Data-driven model reduction for stochastic Burgers equations

TL;DR

This paper develops efficient data-driven closure models for 1D stochastic Burgers equations using statistical learning, enabling significant space-time reduction while accurately capturing key statistical properties.

Contribution

It introduces nonlinear autoregression models trained from data to effectively reduce the stochastic Burgers equations in space and time.

Findings

NAR models accurately reproduce energy spectra and invariant densities.

Space reduction is unlimited with NAR models using two Fourier modes.

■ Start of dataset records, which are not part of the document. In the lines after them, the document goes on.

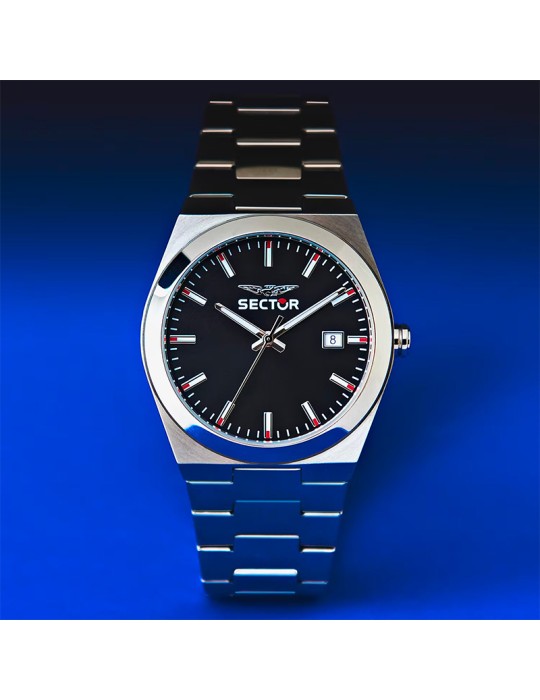 Orologio Sector - C300 - Tempo e Data - Silver - 40mm-Nero-R3253301001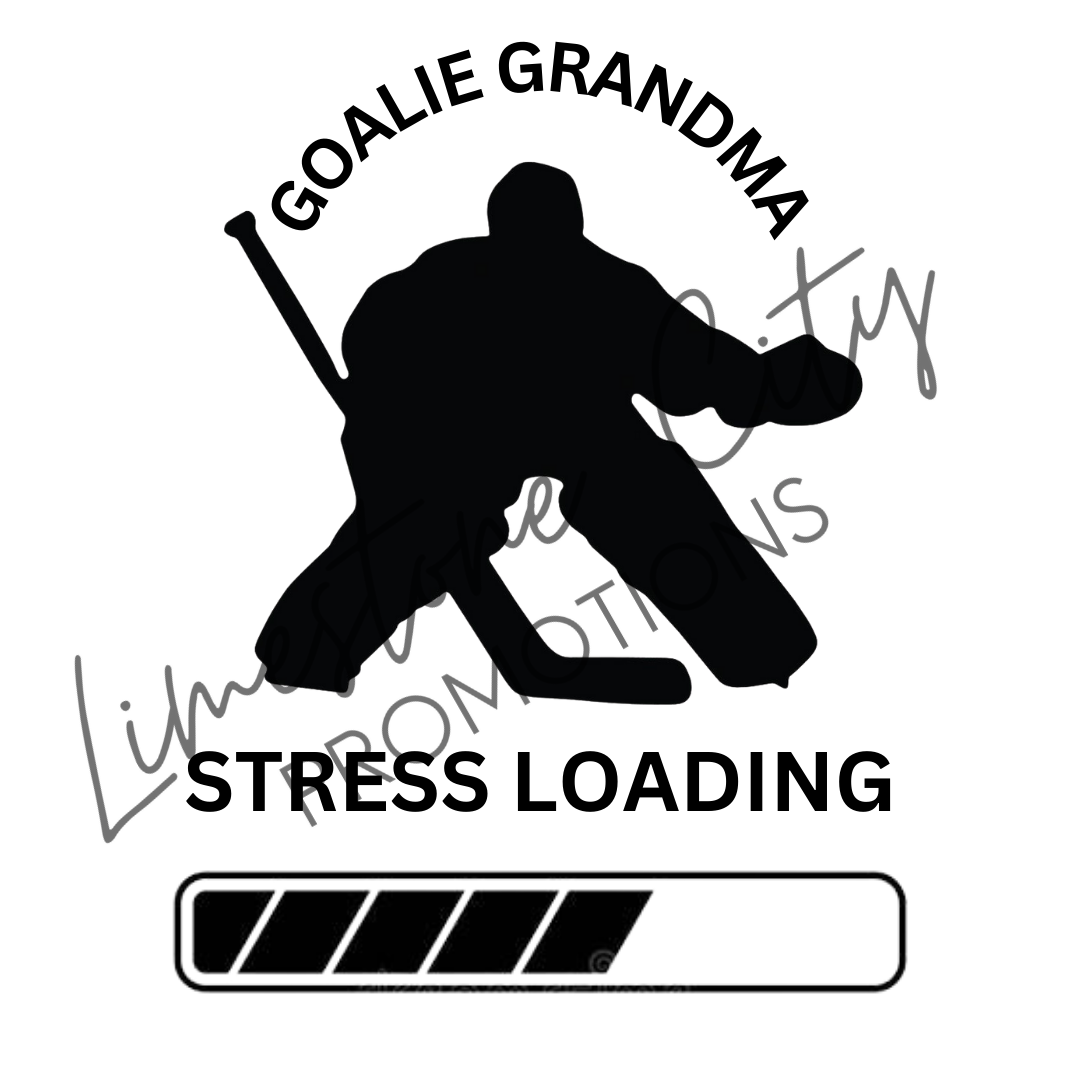 Goalie Grandma Stress Loading Car Decal
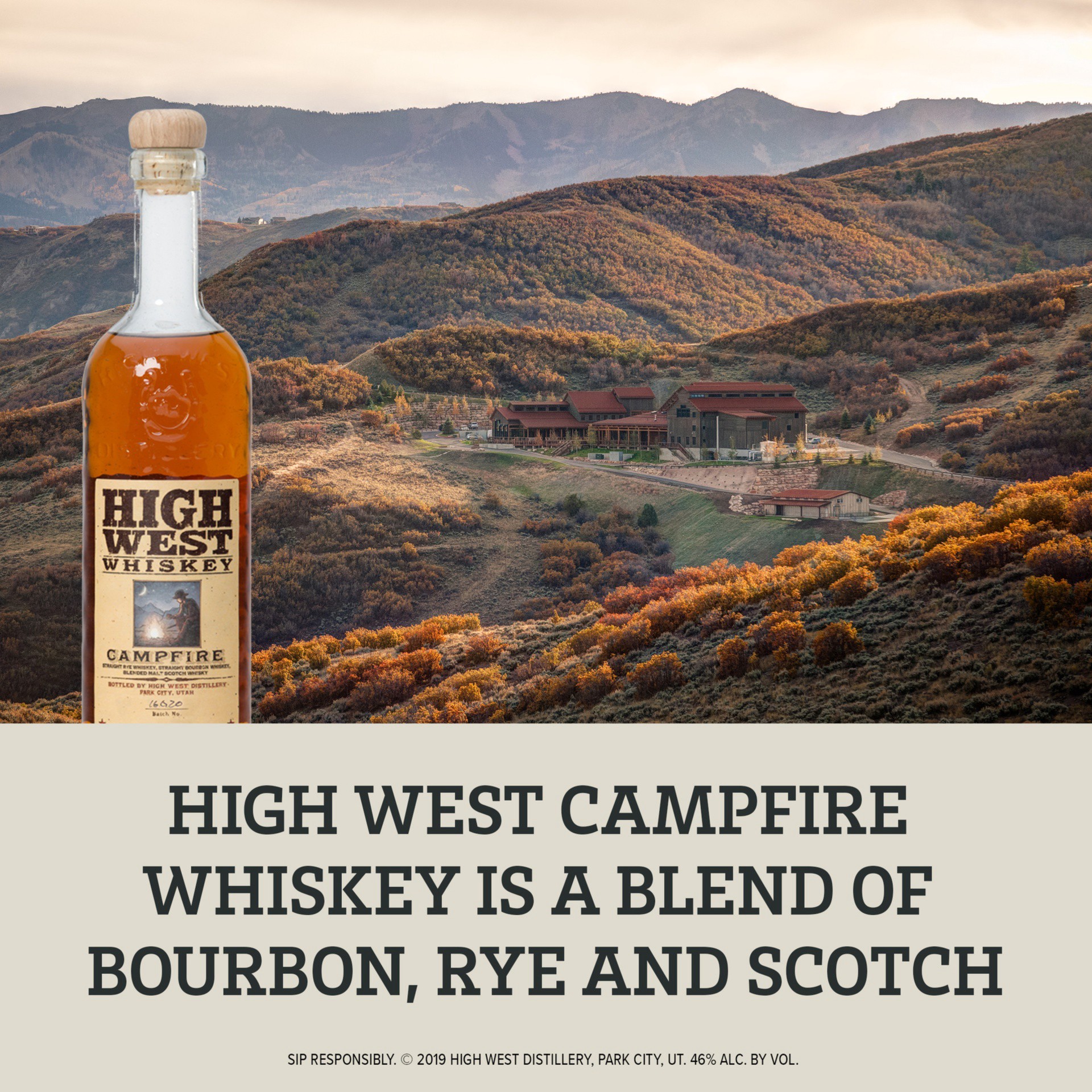 slide 3 of 7, High West Campfire Whiskey, 750 mL Bottle, 92 Proof, 750 ml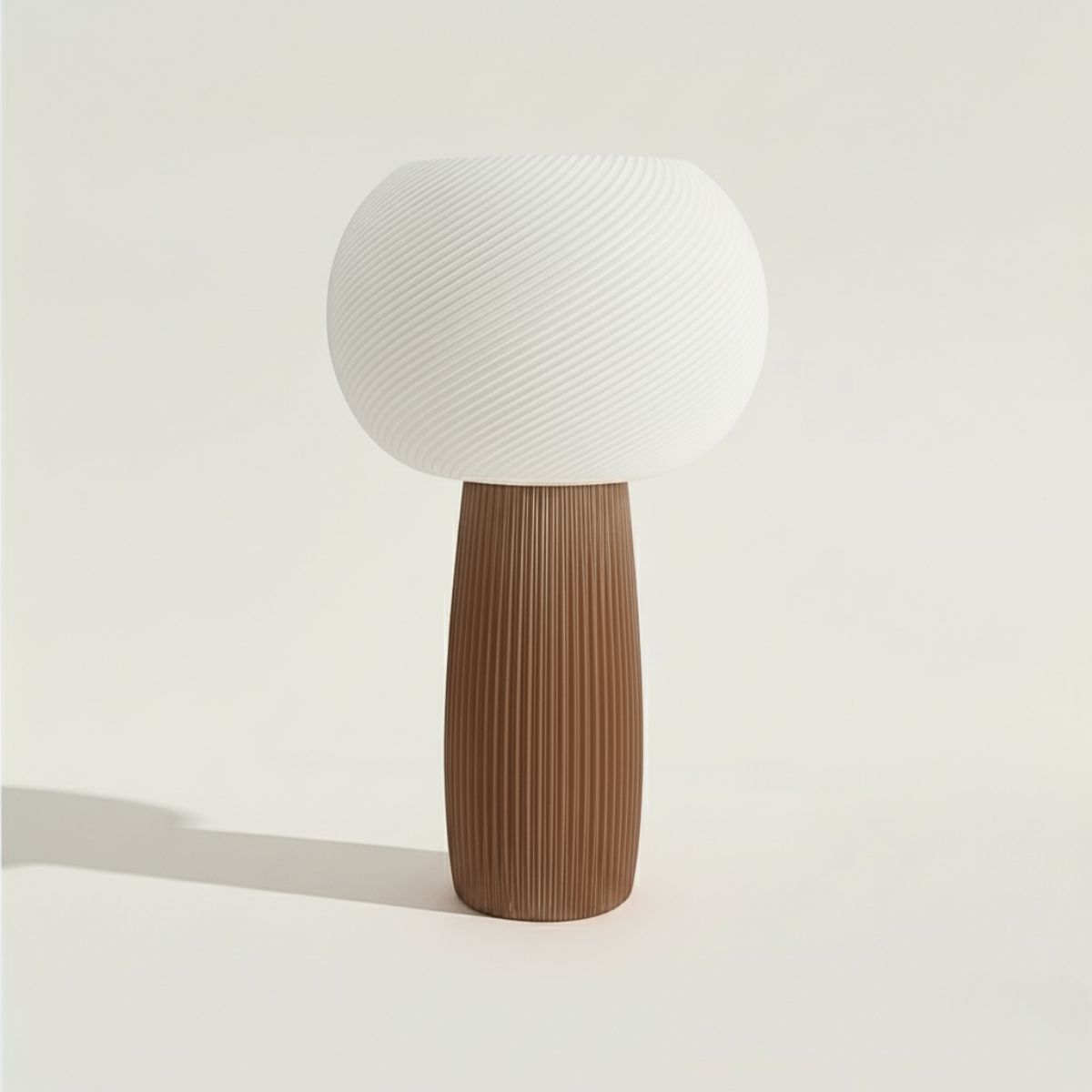 GENERICO - Lámpara Vetra de impresión 3D blanco y marrón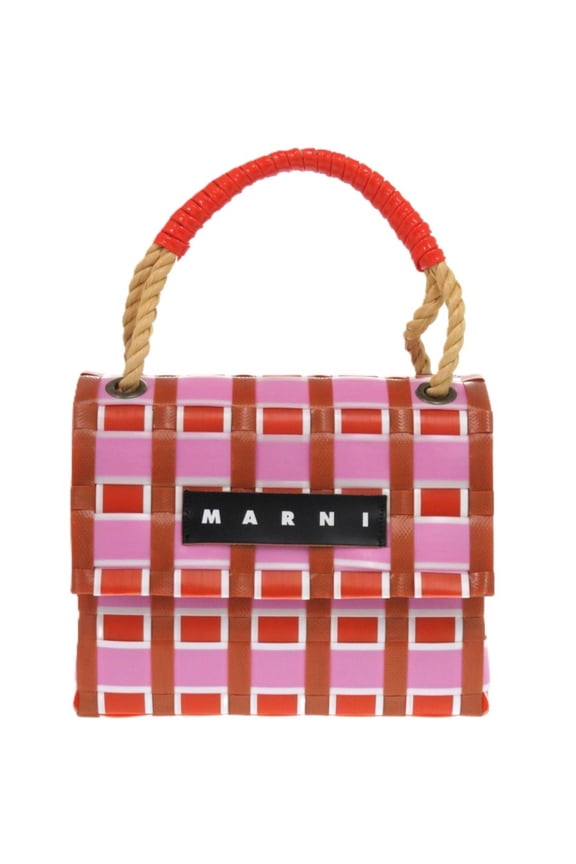 Pre-Owned Marni tote bag, polypropylene, red, 1477, red doctor's MARNI (Good)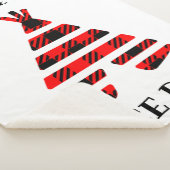 Red Buffalo Plaid Tee Pee Sherpa Blanket (3/4)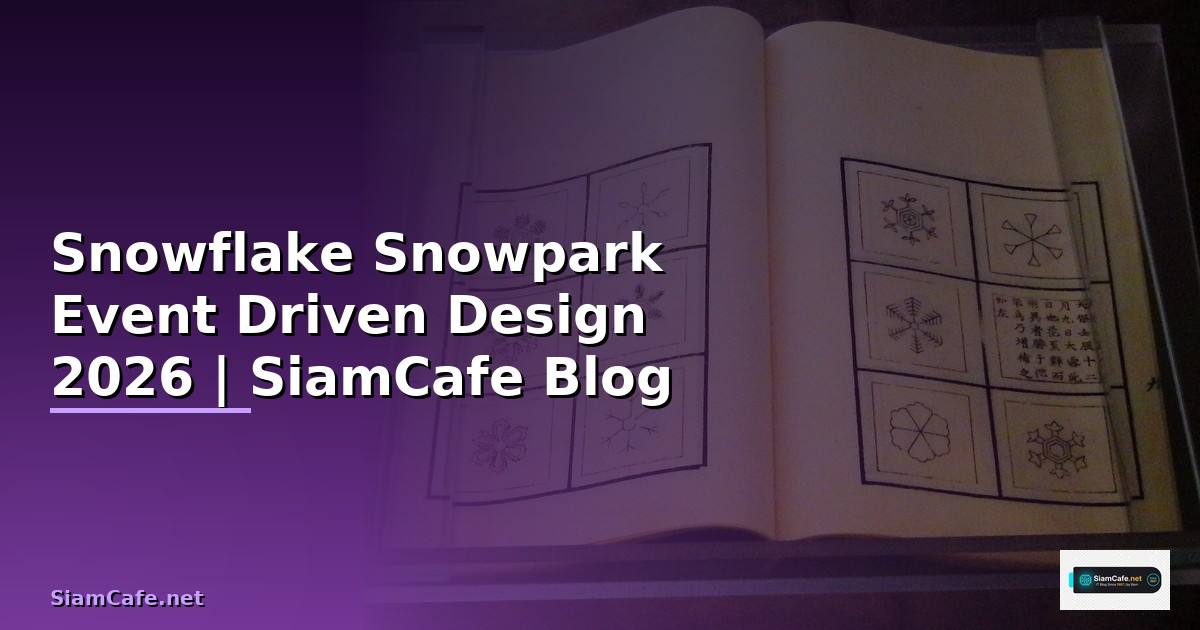 Snowflake Snowpark Event Driven Design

Time reduction is limited by stability, with a criterion for optimal reduction.

Abstract

We present a class of efficient parametric closure models for 1D stochastic Burgers equations. Casting it as statistical learning of the flow map, we derive the parametric form by representing the unresolved high wavenumber Fourier modes as functionals of the resolved variables' trajectory. The reduced models are nonlinear autoregression (NAR) time series models, with coefficients estimated from data by least squares. The NAR models can accurately reproduce the energy spectrum, the invariant densities, and the autocorrelations. Taking advantage of the simplicity of the NAR models, we investigate maximal and optimal space-time reduction. Reduction in space dimension is unlimited, and NAR models with two Fourier modes can perform well. The NAR model's stability limits time reduction, with a maximal time step smaller than that of the K-mode Galerkin system. We report a potential criterion for optimal space-time reduction: the NAR models achieve minimal relative error in the energy spectrum at the time step where the K-mode Galerkin system's mean CFL number agrees with the full model's.